There's a Pong tournament on a Philly skyscraper tonight - gu
http://www.destructoid.com/there-s-a-pong-tournament-on-a-philly-skyscraper-tonight-252060.phtml

======
apawloski
<http://i.imgur.com/MPDDoht.jpg>

It will also be happening again on Wednesday for Philly Tech Week.

------
ricardobeat
A couple weeks ago there was a similar installation as part of an art show in
São Paulo. There were a dozen different games you could play using a
phone/tablet off the street. I like the 'bike invaders' one:

[http://www.youtube.com/watch?feature=player_detailpage&v...](http://www.youtube.com/watch?feature=player_detailpage&v=97oDJF7WpXo#t=59s)

------
ginko
Looks less sophisticated than the CCC's Blinkenlights project.

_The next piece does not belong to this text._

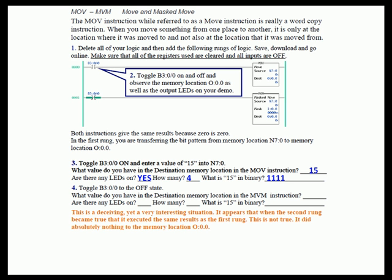Now toggle B3:0/0 to the off state. If you couldn't remember how to toggle B3:0/0 on and off, you right-click on B3:0 and there's a selection that says 'toggle' — so you right-click to toggle it on, right-click to toggle it off. So you've toggled B3:0/0 off — what value do you have in the destination memory location in the Move with Mask instruction in rung 1?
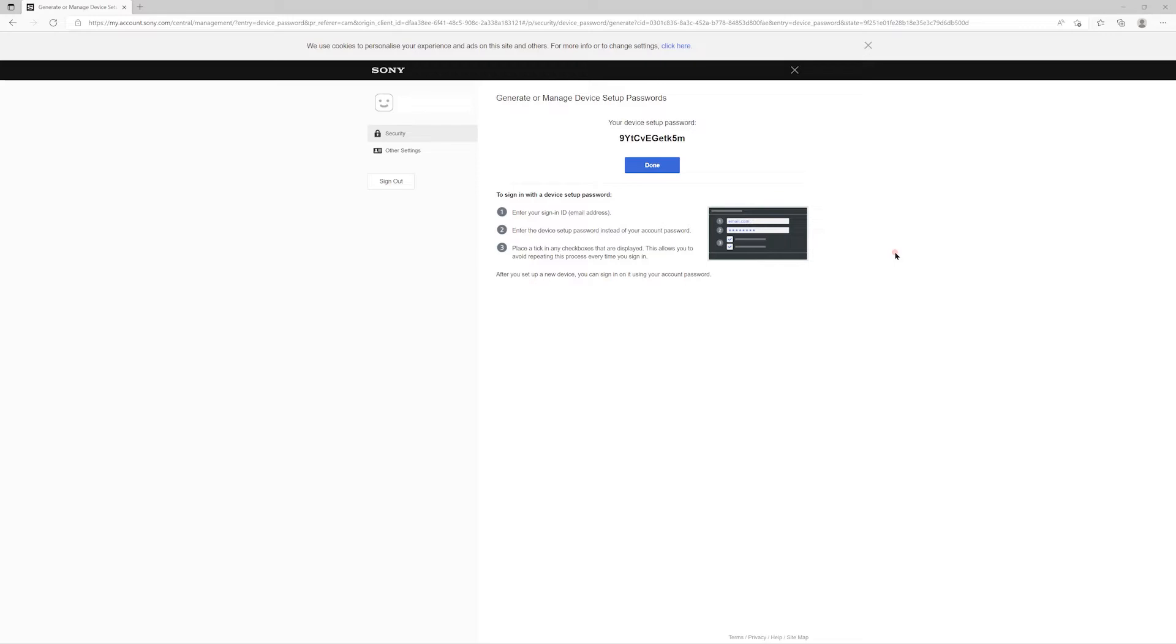However, the text underneath that states that once you've set up a device, you can sign in on it using your account password. Now, that's actually incorrect. This device password is the password you'll need to use in future every time you sign in on your PS3 or PS Vita.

<https://www.youtube.com/watch?v=cdaXP7hLHEs>

------
brianbreslin
Am I the only one who pictured a beer pong tournament on the roof of a
skyscraper before reading the link?

------
kenoh
There'll also been some awesome chiptune artists playing: Cheap Dinosaurs and
Animal Style.

------
mhb
There's a Bay Bridge in Oakland that could use some Pong.

------
mapster
very fitting. I fist discovered a pong console with paddles in the TV hutch in
1979. that was my first arcade summer. where? in Philly!

------
jeren
blinkenlights all over again, good ideas never die.